Devotee: Judy met Frank Williams in a prisoner of war camp in Medan in 1942. He shared his daily handful of maggoty boiled rice with Jud and in return she alerted him to scorprions, snakes and if guards were near
For Japanese POW 81A was a pure-bred liver-and-white English pointer called Judy - the only dog officially recognised as a Prisoner of War in World War II and viewed as a guardian angel and symbol of hope and courage for thousands of Allied troops imprisoned and tortured by the Japanese in the Far East.
She saved countless lives, alerted Allied troops to dozens of hostile Japanese aircraft
before they could even hear them and protected her beloved men against scorpions, crocodiles, tigers, poisonous snakes - and the brutal Japanese and Korean prison guards.
She also cheated death countless times - hiding in rice sacks, boxes and under blankets, swimming through burning waters from torpedoed ships - and developed an extraordinary friendship with an airman called Frank.
This Sunday is the 65th anniversary of Victory over Japan, or VJ, day. At 3pm, the Prince of Wales, Duchess of Cornwall and countless veterans will pay tribute at London's Cenotaph.
Not only to the 580,406 UK and Commonwealth troops and 67,073 civilians who lost their lives during World War II, but also to the hundreds of thousands of animals who demonstrated extraordinary bravery and fortitude in the face of hardship, torture, deprivation and cruelty.

Awarded: Judy was one of the first to receive the animal equivalent of the Victoria Cross, the Dickin Medal, above
There were dogs that parachuted with the SAS, horses that survived bomb attacks, ships' cats that raised morale and hundreds of thousands of carrier pigeons.
And Judy - who became one of the first recipients of the Dickin Medal, the animal equivalent of the Victoria Cross introduced in 1943 by Maria Dickin, the founder of
the PDSA (People's Dispensary for Sick Animals).
Born in Shanghai Dog Kennels in 1937, Judy started her military life as a Royal Navy mascot serving on HMS Gnat and HMS Grasshopper in the Far East.
In February 1942, Grasshopper was torpedoed and caught fire, and the 75 crew, 50 passengers (Japanese PoWs, Royal Marines, Army officers and civilians) and Judy jumped into the dark, cold, oily waters and swam for their lives.
The nearest land was an uninhabited island with little food and no water - until, that is, Judy emerged from the sea two days later, bedraggled and covered in oil, and started digging at the shoreline.
Within minutes, she'd unearthed a fresh water spring, saved everyone's lives and secured her place as resident guardian angel.
A few days later, when the men commandeered a Chinese junk, sailed to Sumatra and embarked on a gruelling 200-mile cross-country trek across the island's north-east coast to Padang, Judy went, too.
And when, just a few miles from safety, they walked unwittingly into a Japanese-held village and three years of captivity, Judy was with them, hidden beneath empty rice sacks for a five-day truck journey to the Gloergoer prisoner of war camp in Medan.

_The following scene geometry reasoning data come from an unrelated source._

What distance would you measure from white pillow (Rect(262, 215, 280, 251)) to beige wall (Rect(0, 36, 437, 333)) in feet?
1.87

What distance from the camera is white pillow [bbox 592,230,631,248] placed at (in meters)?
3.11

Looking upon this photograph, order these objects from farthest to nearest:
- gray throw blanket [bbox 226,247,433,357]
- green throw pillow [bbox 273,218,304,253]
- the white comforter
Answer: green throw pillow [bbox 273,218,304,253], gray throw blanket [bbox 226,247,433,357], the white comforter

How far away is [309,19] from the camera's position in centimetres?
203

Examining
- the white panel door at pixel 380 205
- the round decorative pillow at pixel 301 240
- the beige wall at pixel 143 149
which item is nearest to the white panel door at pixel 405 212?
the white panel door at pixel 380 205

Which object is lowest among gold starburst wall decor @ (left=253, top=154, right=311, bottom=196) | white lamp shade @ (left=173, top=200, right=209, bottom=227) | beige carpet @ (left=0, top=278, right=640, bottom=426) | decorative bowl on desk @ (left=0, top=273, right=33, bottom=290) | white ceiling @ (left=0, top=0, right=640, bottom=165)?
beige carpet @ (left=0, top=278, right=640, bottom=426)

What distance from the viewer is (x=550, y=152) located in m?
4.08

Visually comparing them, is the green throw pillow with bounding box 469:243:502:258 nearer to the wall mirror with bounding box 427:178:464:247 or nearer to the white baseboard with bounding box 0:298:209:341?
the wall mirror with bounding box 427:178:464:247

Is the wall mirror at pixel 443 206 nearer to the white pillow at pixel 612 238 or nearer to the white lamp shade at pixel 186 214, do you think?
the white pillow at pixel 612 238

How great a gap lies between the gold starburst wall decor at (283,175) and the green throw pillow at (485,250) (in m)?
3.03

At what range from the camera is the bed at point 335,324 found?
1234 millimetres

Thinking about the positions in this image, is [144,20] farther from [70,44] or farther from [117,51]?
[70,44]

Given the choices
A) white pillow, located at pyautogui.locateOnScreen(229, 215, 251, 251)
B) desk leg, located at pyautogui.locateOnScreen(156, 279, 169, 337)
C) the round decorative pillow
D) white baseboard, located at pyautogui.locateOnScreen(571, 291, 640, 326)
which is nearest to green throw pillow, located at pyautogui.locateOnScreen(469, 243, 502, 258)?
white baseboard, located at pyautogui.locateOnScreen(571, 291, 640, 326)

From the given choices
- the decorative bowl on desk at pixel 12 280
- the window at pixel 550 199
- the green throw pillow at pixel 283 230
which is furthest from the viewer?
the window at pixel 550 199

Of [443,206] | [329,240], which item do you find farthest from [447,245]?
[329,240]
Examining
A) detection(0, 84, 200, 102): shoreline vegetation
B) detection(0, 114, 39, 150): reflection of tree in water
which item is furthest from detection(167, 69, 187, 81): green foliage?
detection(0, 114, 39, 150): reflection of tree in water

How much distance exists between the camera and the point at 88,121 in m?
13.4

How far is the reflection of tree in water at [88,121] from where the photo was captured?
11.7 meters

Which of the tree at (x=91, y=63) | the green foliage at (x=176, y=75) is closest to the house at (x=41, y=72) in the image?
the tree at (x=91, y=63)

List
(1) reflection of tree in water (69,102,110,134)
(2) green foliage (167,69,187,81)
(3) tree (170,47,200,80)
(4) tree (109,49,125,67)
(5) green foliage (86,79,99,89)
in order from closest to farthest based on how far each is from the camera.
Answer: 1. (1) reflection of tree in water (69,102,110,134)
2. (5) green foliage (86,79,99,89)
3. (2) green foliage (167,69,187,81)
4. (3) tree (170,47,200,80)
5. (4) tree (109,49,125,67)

When she met Leading Aircraftsman Frank Williams - a tall, gentle man with dark wavy hair and a kind face - it was love at first sight.

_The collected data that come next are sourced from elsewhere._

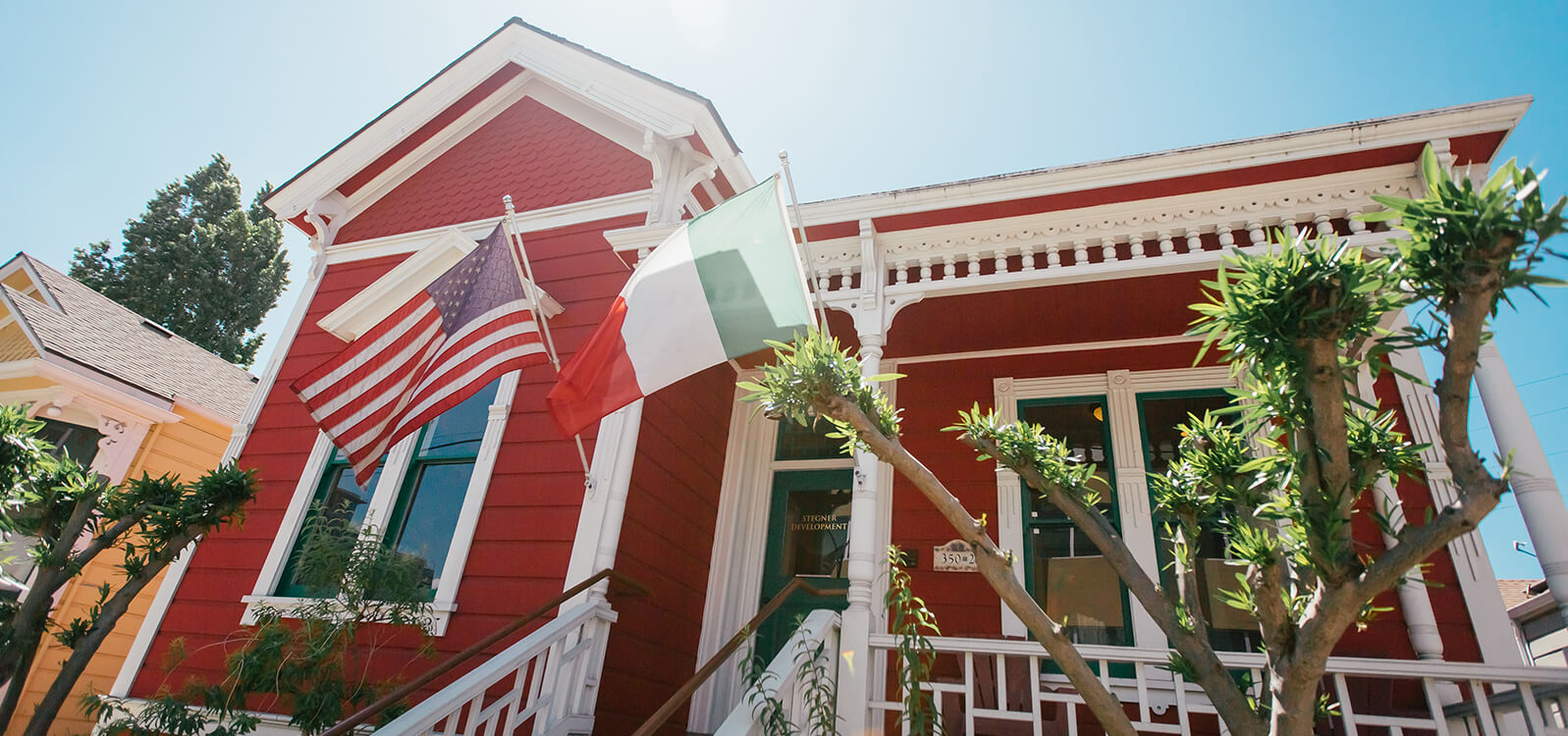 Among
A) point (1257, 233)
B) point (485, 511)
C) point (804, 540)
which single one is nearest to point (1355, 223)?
point (1257, 233)

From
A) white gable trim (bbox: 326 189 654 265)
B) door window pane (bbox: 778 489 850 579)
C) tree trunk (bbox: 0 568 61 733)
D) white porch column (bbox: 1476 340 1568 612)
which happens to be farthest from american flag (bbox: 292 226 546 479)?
white porch column (bbox: 1476 340 1568 612)

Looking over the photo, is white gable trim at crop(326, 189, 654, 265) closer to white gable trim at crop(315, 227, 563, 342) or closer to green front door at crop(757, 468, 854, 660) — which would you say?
white gable trim at crop(315, 227, 563, 342)

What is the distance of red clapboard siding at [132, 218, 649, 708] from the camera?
4.80 meters

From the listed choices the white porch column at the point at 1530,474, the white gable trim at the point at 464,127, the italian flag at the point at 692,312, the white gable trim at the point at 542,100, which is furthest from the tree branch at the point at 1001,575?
the white gable trim at the point at 464,127

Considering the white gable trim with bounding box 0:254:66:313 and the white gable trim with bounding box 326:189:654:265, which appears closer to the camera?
the white gable trim with bounding box 326:189:654:265

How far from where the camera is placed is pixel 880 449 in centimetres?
223

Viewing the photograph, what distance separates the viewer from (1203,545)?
16.8 ft

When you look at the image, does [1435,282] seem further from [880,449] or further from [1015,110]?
[1015,110]

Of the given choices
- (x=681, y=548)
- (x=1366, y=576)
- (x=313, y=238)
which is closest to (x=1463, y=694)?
(x=1366, y=576)

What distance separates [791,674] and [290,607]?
3889 millimetres

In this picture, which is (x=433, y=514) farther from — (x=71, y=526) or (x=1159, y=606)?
(x=1159, y=606)

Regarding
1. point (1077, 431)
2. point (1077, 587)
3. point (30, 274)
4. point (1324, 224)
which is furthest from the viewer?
point (30, 274)

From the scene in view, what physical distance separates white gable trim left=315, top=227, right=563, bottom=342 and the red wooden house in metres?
0.02

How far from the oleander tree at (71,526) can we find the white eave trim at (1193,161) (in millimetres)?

Frank recalled years later: 'I remember thinking what on earth is a beautiful English pointer like this doing here with no one to care for her. I realised that even though she was thin, she was a survivor.'
In August 1942, he started sharing his daily handful of maggoty boiled rice with her and from then on they were inseparable - Judy following Frank everywhere, sleeping with her head on his legs and sounding the alarm if scorpions, snakes or the guards were near. Many prisoners owed their lives to Judy. When they were dragged away
for brutal beatings, she would intervene - barking, snarling and launching herself at the guards - risking a rifle butt or worse, but often distracting the guards from their planned flogging.
Knowing her future was in the balance, Frank persuaded the camp commandant to register Judy as a PoW.

Judy, far right, is pictured with fellow Dickin medal recipients in 1946. Judy survived being hunted by guards and being mauled by an alligator
He waited until the commandant was drunk on saki and bribed him with the promise of one of Judy's future puppies. It worked. The commandant signed the papers and Judy became Prisoner of War 81A Gloergoer, Medan.
But the danger was far from over. In June 1944, the prisoners were transferred to Singapore aboard the SS Van Warwyck. Dogs weren't allowed on board, but Frank wasn't going anywhere without Judy, so after spending hours teaching her how to lie still in an empty rice sack, he hoisted her up, slung her over his shoulder and smuggled her aboard.
For three hours, the prisoners stood on deck on parade in the searing heat - Judy still and silent in the sack on Frank's back.
The conditions on board were horrendous - more than 700 men crammed into fetid dark conditions beneath the rusted deck - but Frank and Judy didn't have to endure it for long.
On June 26, 1944, Van Warwyck was torpedoed. Below deck in the dark, a desperate Frank pushed Judy out through a porthole.
The water was 15ft below. And as he made his own escape, he had no idea if she would survive.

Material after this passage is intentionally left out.